### [About this task]
Leaving pictures aside, restate exactly the lines of the data below, from the first one through the line that contains "The Birds 1963 Tippi Hedren No1".

### [Provided data]
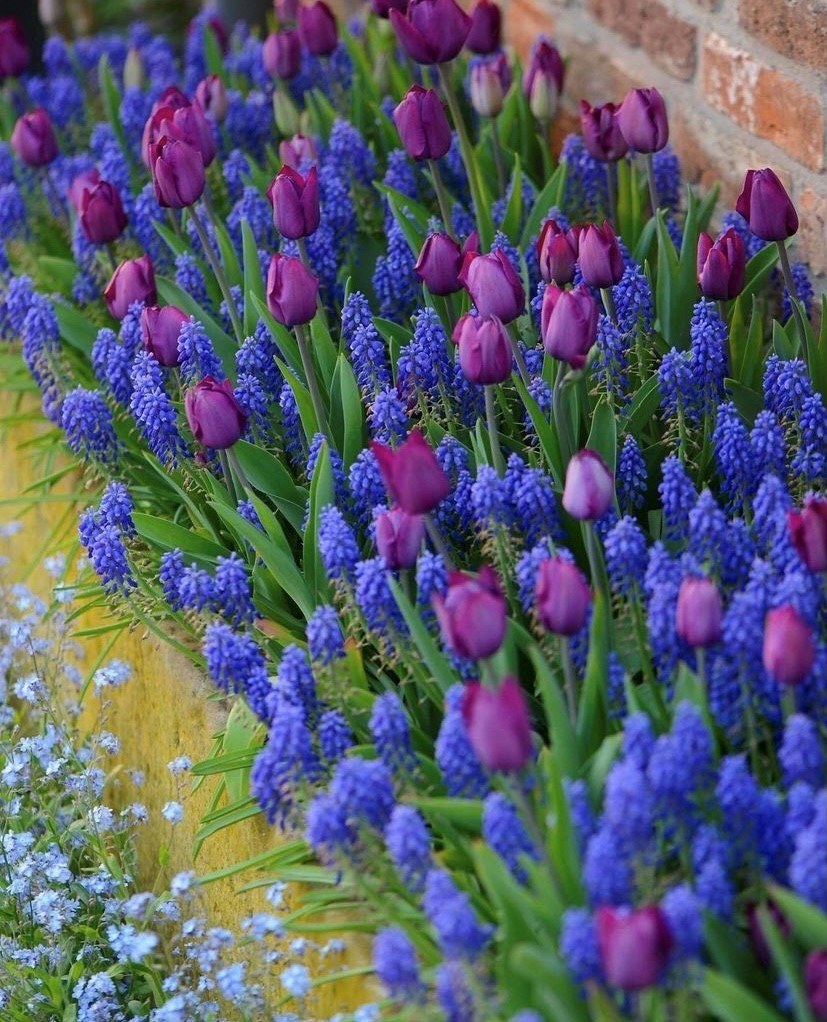 Луковичные цветы мускари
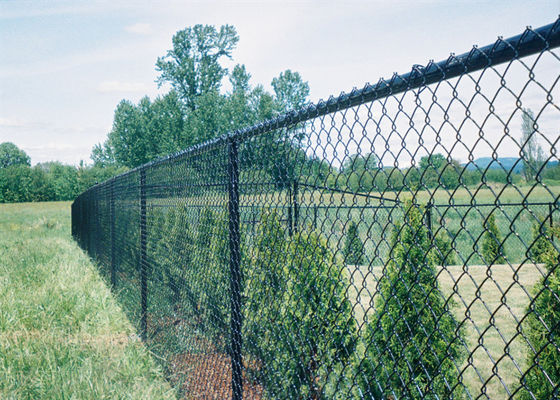 Caliente sumergido galvanizó el indicador temporal 4.0m m de Mesh Fencing 9 para la granja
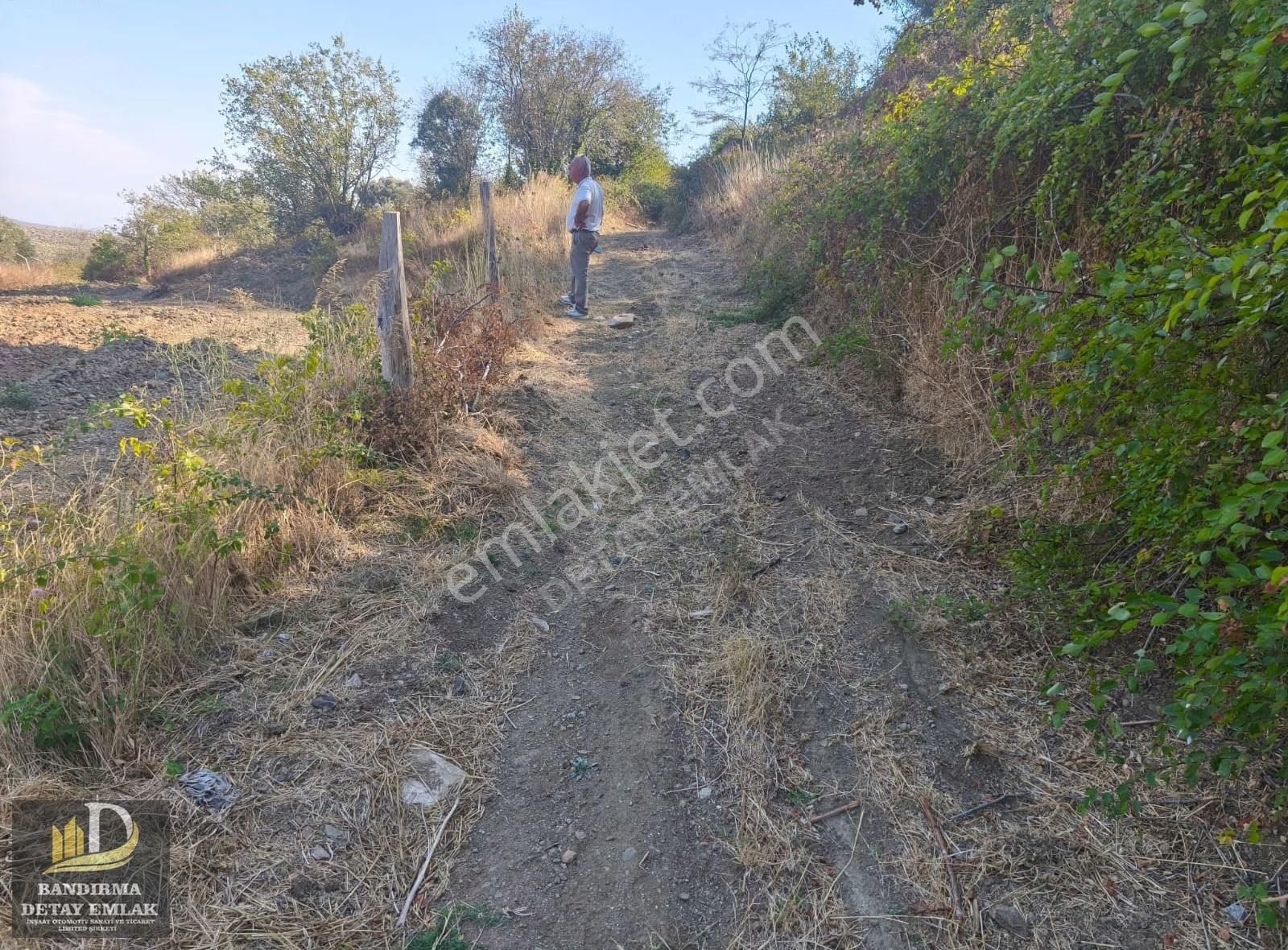 Bandırma Detay Emlaktan Çakıl Mahallesinde 785 M2 Köy İçi Tarla
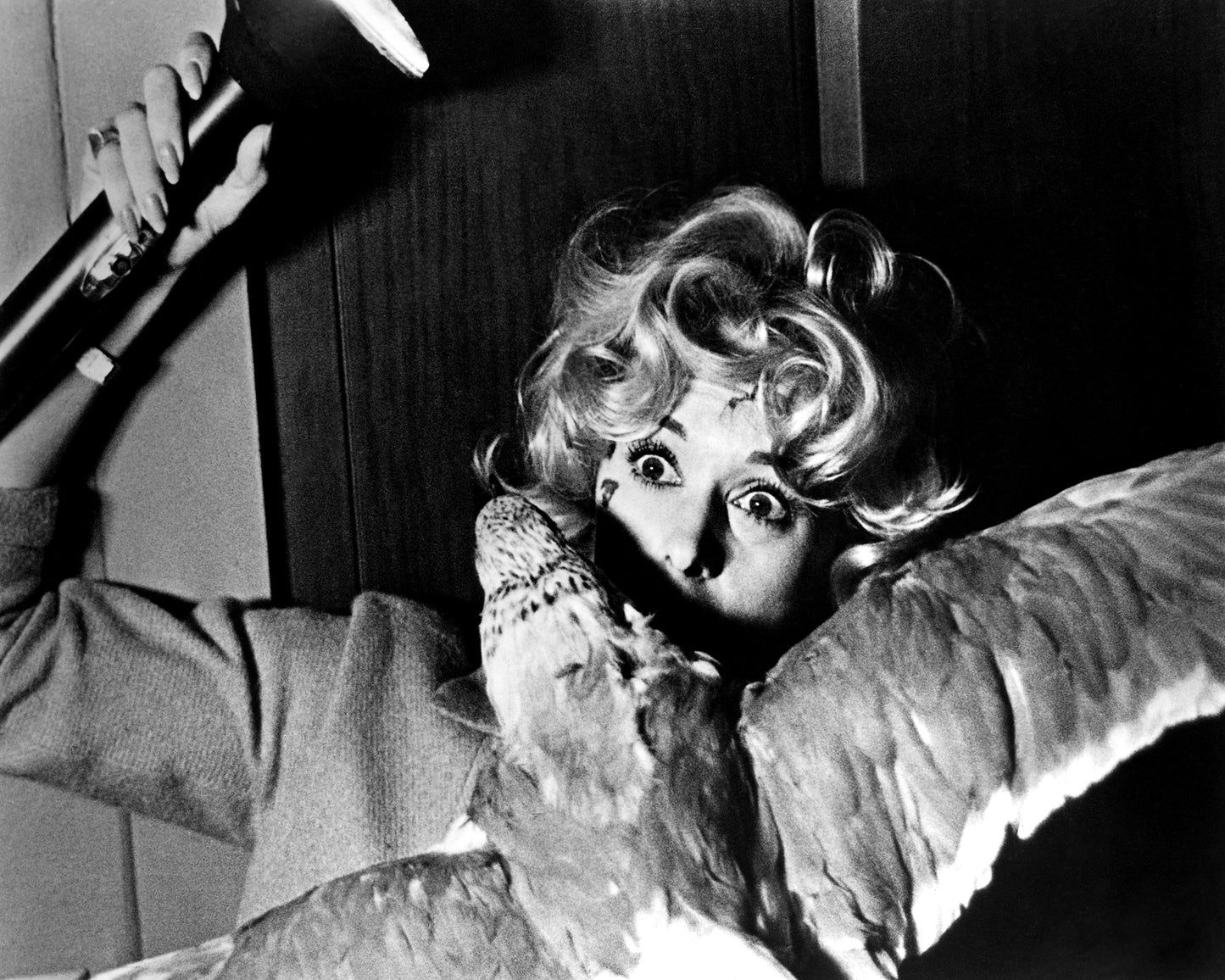 The Birds 1963 Tippi Hedren No1
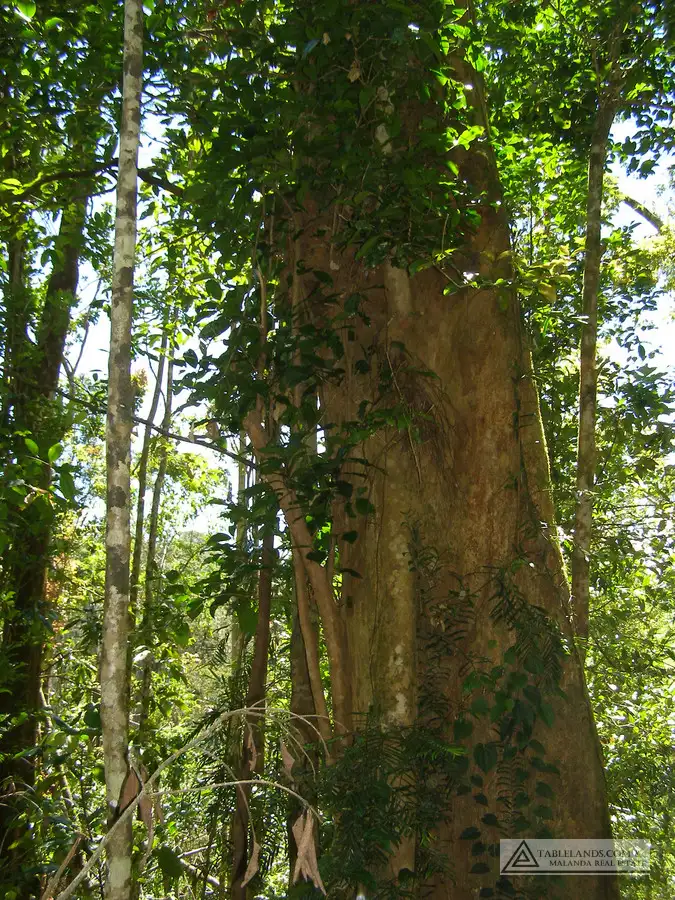 Fourth view of Homely rural property listing, Address available on request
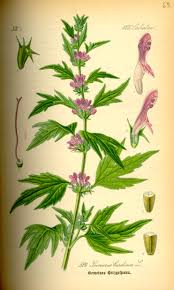 Talpa gastei este o planta care creste pe terenurile necultivate, numita in unele locuri si cione planta este indicata in astm, menopauza, depresie si tulburari digestive. Leonurus Cardiaca Wikipedia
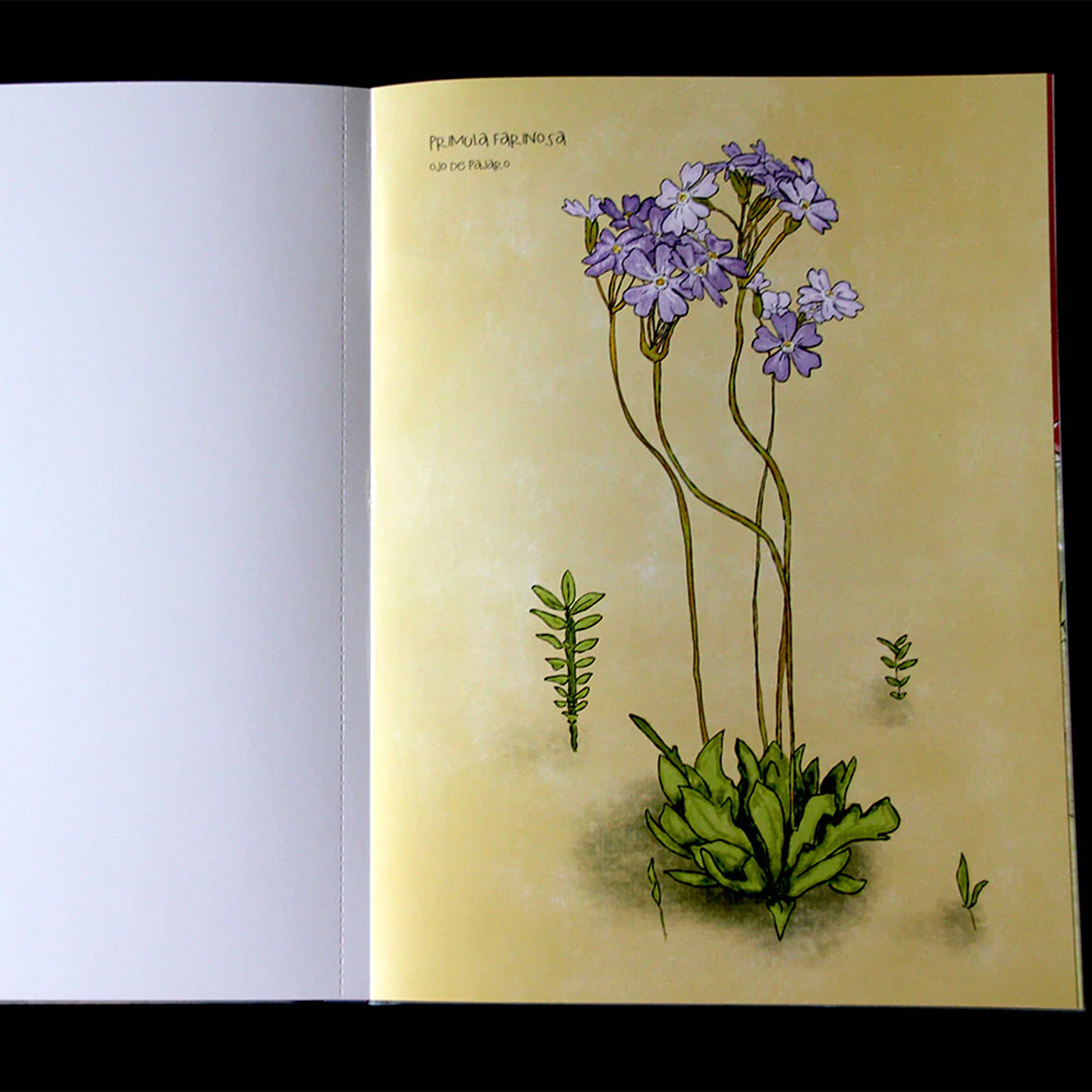 LIBRO DESIERTO EN FLOR POR VERONICA BAZAN 5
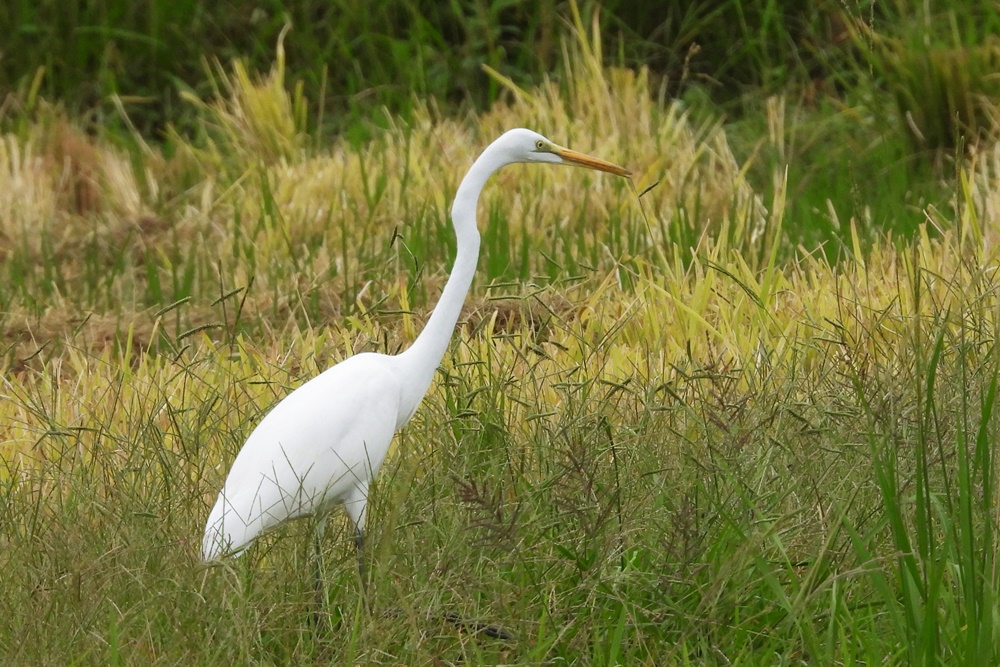 10月11日の野鳥観察 豊川市平尾 : 野の鳥観察記
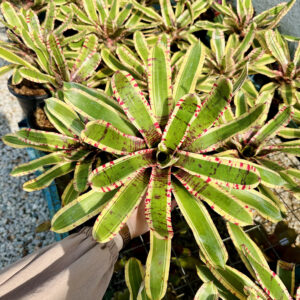 Neoregelia Wild Rabbit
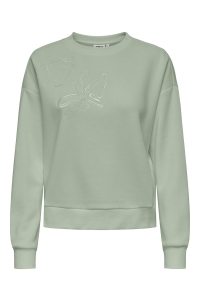 ONLY ONLPAM L/S O-NECK BOX CC SWT desert sage/w. enjoy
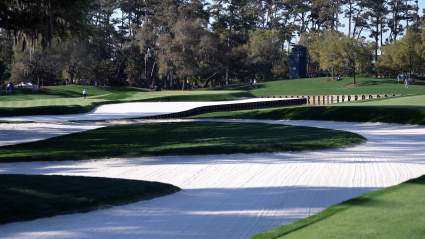 Conoce a Dexter, el perro de TPC Sawgrass con credenciales de acceso total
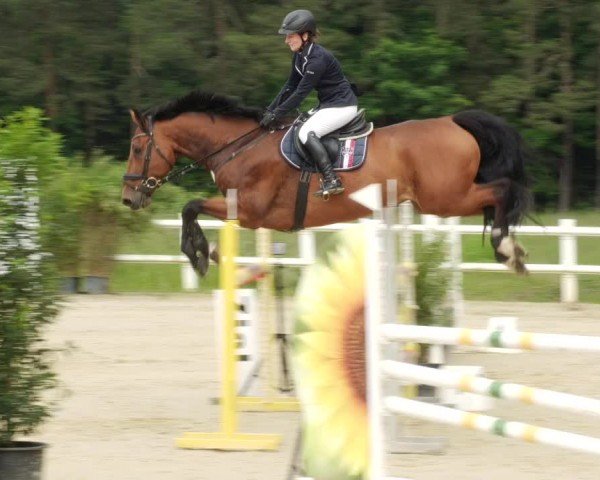 Reitturnier Nordstetten- Horb 2024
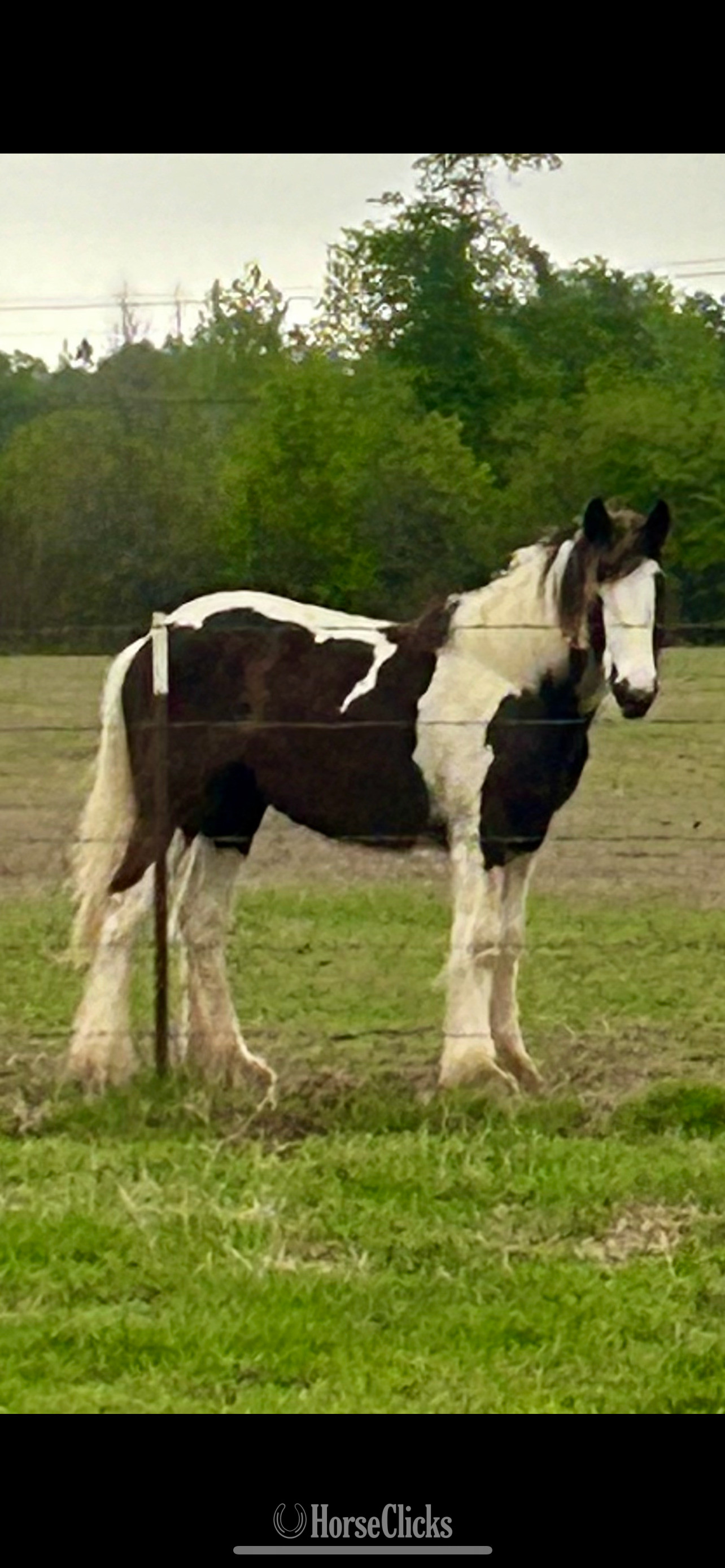 "Kya" Piebald Filly Gypsy Vanner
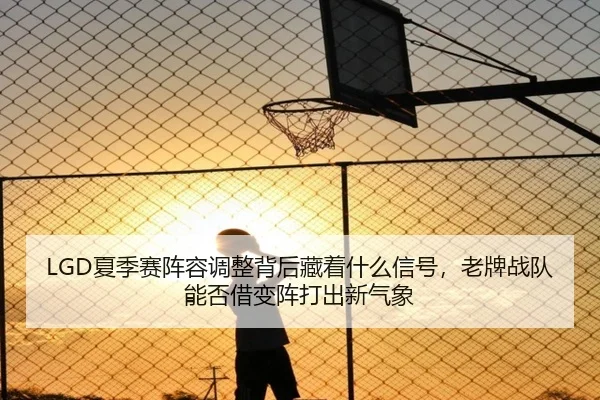 LGD夏季赛阵容调整背后藏着什么信号，老牌战队能否借变阵打出新气象 - YOBOsports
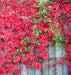 Virginia creeper Seeds -climbing vine - Caribbean garden seed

### [Result below]
 Луковичные цветы мускари
 Caliente sumergido galvanizó el indicador temporal 4.0m m de Mesh Fencing 9 para la granja
 Bandırma Detay Emlaktan Çakıl Mahallesinde 785 M2 Köy İçi Tarla
 The Birds 1963 Tippi Hedren No1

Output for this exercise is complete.